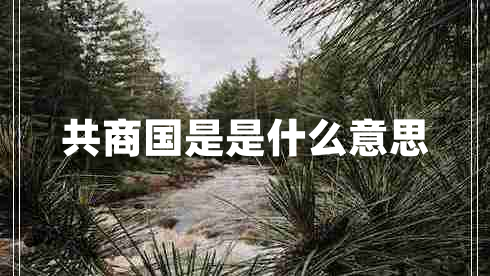 共商國是是什么意思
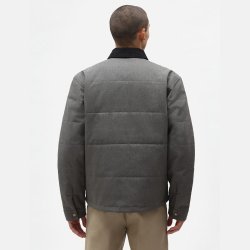 Dickies Pedro Bay jakke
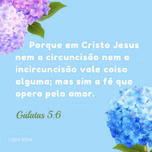 Conexão  fm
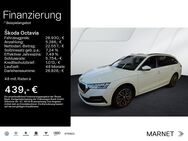 Skoda Octavia, 1.5 TSI Combi Ambition, Jahr 2024 - Bad Nauheim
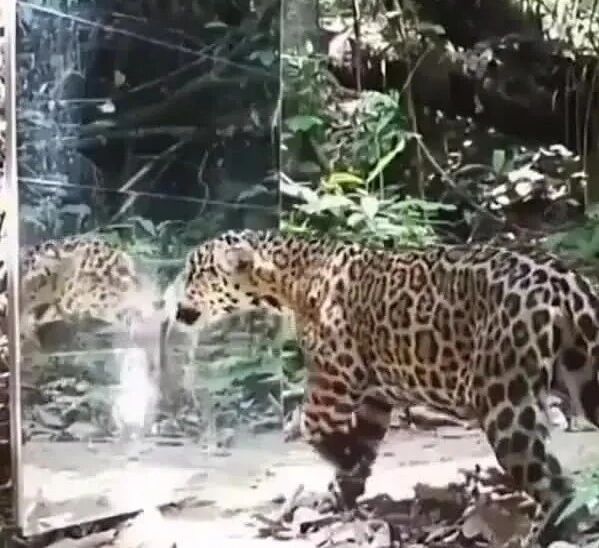 实拍 ▪ 野生动物们第一次照镜子是什么反应？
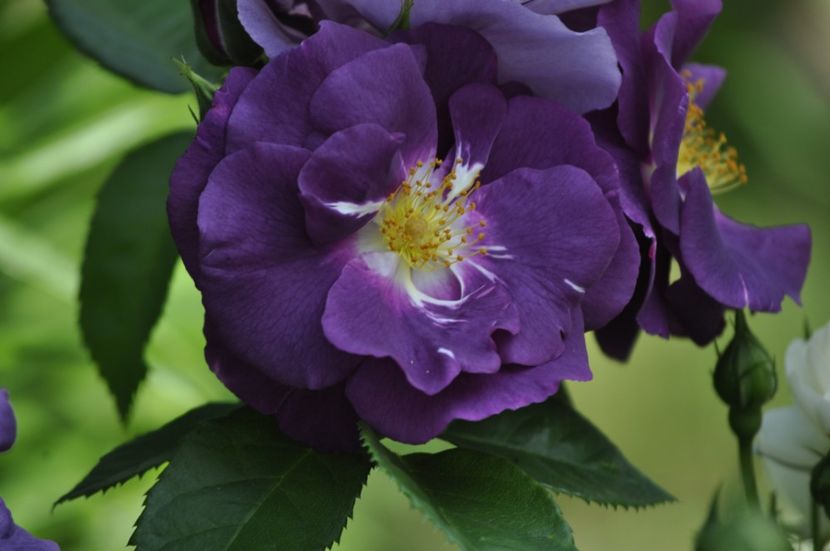 _DSC0360 - VARA 2021_2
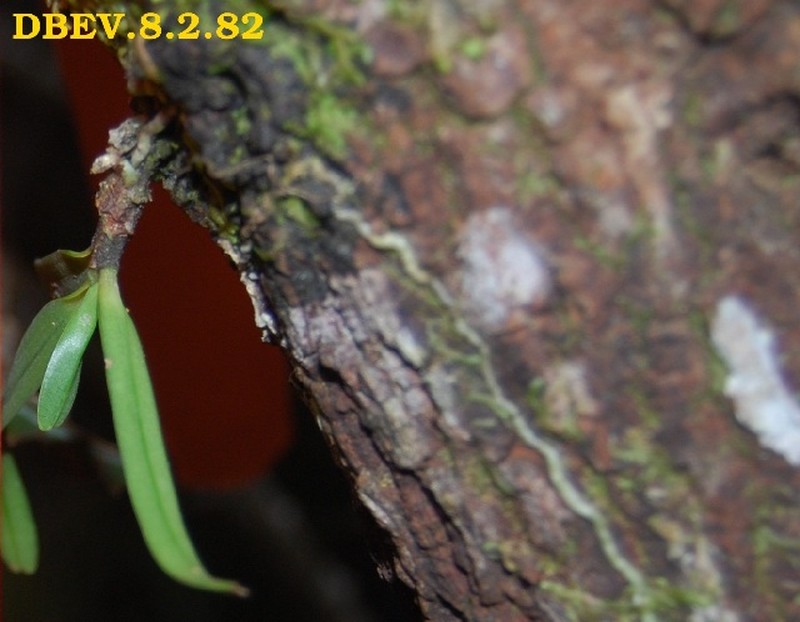 Angraecum chaetopodum photo 2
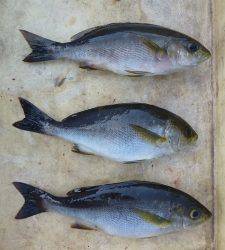 沖一文字内向き、カゴ釣りでイサギの釣果☆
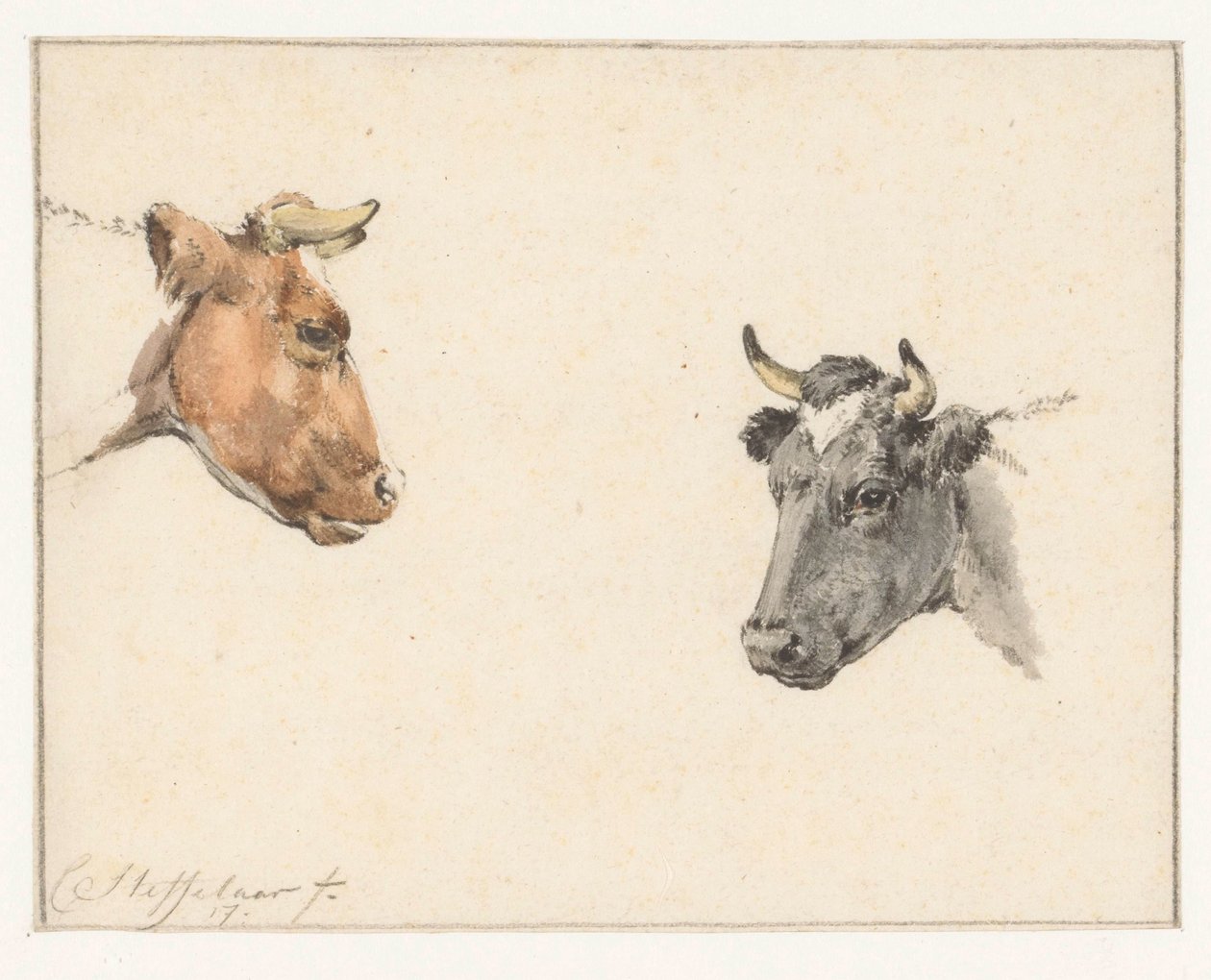 Studienblatt mit zwei Kuhköpfen von Cornelis Steffelaar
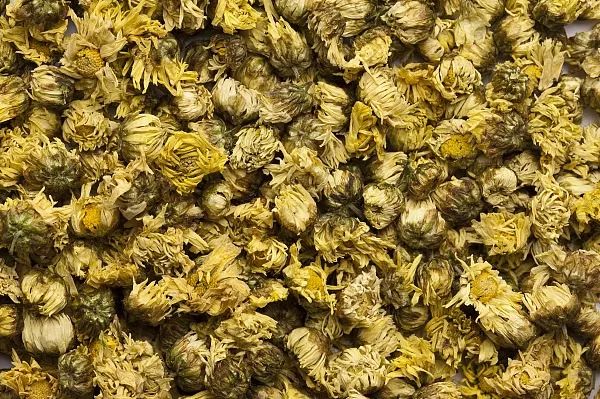 喝菊花茶可以清热解毒吗,清热去火喝菊花茶好还是胎菊好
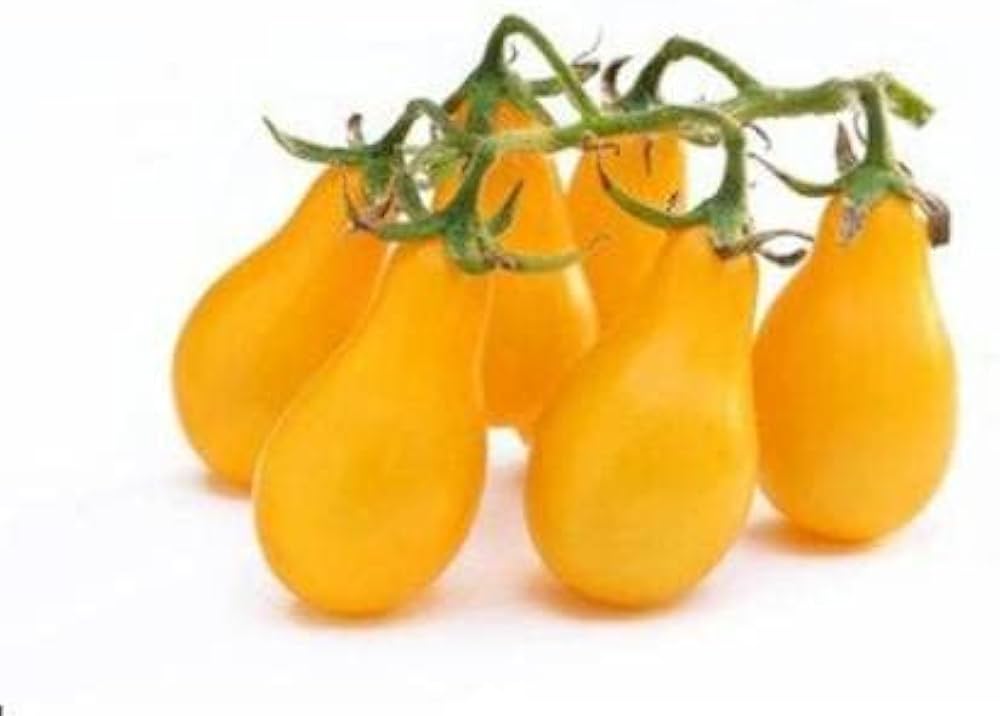 Gelb Pear Tomate Samen Solanum lycopersicum zum Pflanzen in Urban Garden and Raised Beds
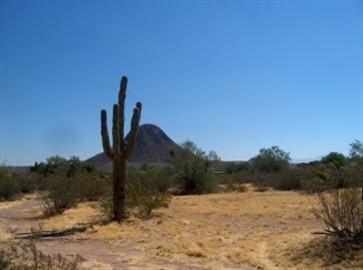 11380 West Massingale Road Tucson, AZ 85743 - Photo 1 of 4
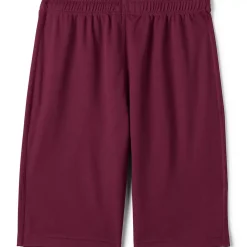 Men's Mesh Gym Shorts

++++++++++++++++++++

▶ _WHAT TO DO_
An exact copy of the data above is required, printed without its pictures.

▶ _EXERCISE RESPONSE_
 共商國是是什么意思
 Dickies Pedro Bay jakke
 Conexão  fm
 Skoda Octavia, 1.5 TSI Combi Ambition, Jahr 2024 - Bad Nauheim
 实拍 ▪ 野生动物们第一次照镜子是什么反应？
 _DSC0360 - VARA 2021_2
 Angraecum chaetopodum photo 2
 沖一文字内向き、カゴ釣りでイサギの釣果☆
 Studienblatt mit zwei Kuhköpfen von Cornelis Steffelaar
 喝菊花茶可以清热解毒吗,清热去火喝菊花茶好还是胎菊好
 Gelb Pear Tomate Samen Solanum lycopersicum zum Pflanzen in Urban Garden and Raised Beds
 11380 West Massingale Road Tucson, AZ 85743 - Photo 1 of 4
 Men's Mesh Gym Shorts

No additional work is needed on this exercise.